WASHINGTON - As the West prepares for possible strikes against Syria, the US Navy has deployed a fifth destroyer to the eastern Mediterranean while Damascus ally Russia will be sending an anti-submarine ship and a missile cruiser to the area "over the next few days."

President Barack Obama said Wednesday he had not yet signed off on a plan to attack Syria, but action appeared likely after Washington stopped seeking a UN mandate.

And British government said it would still be permitted under international law to take military action against Syria on even if such a move is blocked by the UN Security Council, according to legal advice published Thursday.

The government said the advice states that the legal basis for any such action would be "humanitarian intervention" and "if action in the Security Council is blocked, the UK would still be permitted under international law to take exceptional measures".

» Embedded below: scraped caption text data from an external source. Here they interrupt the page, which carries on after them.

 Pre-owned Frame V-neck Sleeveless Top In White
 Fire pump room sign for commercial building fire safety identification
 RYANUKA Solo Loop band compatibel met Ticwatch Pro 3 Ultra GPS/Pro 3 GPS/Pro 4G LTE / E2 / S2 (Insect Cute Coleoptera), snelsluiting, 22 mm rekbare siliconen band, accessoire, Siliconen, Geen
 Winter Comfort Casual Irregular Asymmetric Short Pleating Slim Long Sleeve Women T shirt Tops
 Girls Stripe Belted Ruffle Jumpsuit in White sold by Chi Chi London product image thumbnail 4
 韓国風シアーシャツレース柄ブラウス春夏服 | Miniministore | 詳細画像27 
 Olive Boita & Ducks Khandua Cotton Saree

At home, Britain's Labour opposition said Thursday that it was set to vote against the principle of military intervention in Syria. "We have been having increasing doubts about the opaque nature of the government's motion. It does not mention anything about compelling evidence," a party source said.

UN chief Ban Ki-moon said Thursday his investigating team would report back this week on suspected chemical weapons attacks in Syria. He said the UN chemical weapons experts – who headed out to one of the attack sites near Damascus for the third day of inspections – would leave Syria by Saturday and report to him immediately. Ban appealed to divided international powers to work together to head off military action in Syria, where the UN says 100,000 people have been killed and several million made homeless since the conflict erupted in March 2011. "Diplomacy should be given a chance ... peace (should) be given a chance," Ban said, adding that he had spoken to Obama about the situation.

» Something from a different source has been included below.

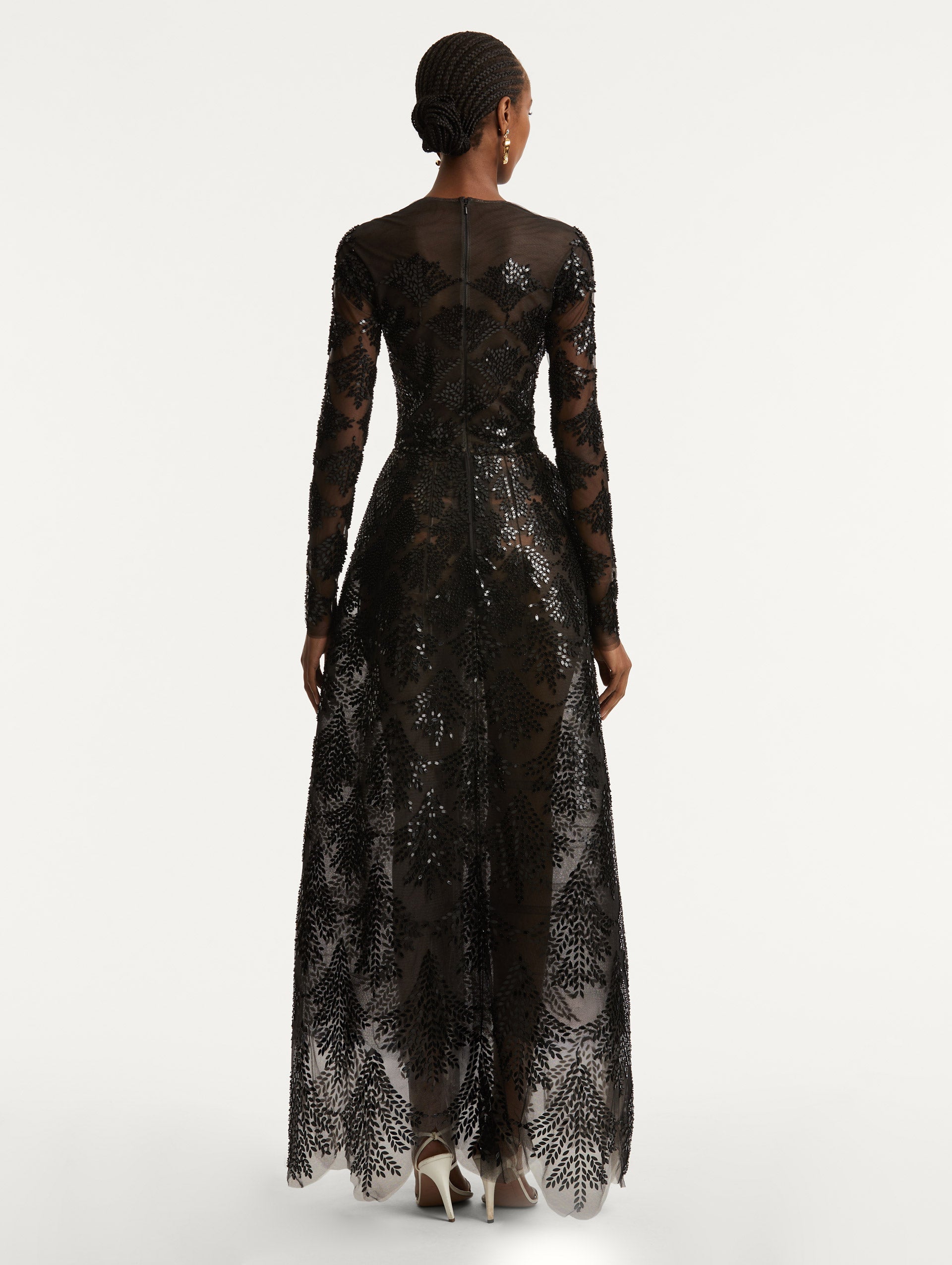 Oscar de la Renta Fern Sequin Embroidered Gown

With any US-led missile strike unlikely to have UN Security Council backing, key Damascus allies Russia and Iran again warned against any Western intervention, saying it could set off a wider regional conflict. Syria's nervous neighbours have already stepped up preparations for conflict, with Israel authorising a partial call-up of arm reservists while Turkey put its forces on heightened "vigilance".

Russia is also reportedly sending warships to the Mediterranean, while Britain said it was sending fighter jets to the strategic island of Cyprus.

The USS Stout, a guided missile destroyer, is "in the Mediterranean, heading and moving east" to relieve the USS Mahan, said a US official, who said both ships might remain in place for the time being.

A source in the Russian General Staff told Interfax, "The well-known situation shaping up in the eastern Mediterranean called for certain corrections to the make-up of the naval forces. A large anti-submarine ship of the Northern Fleet will join them (the existing naval forces) over the next few days.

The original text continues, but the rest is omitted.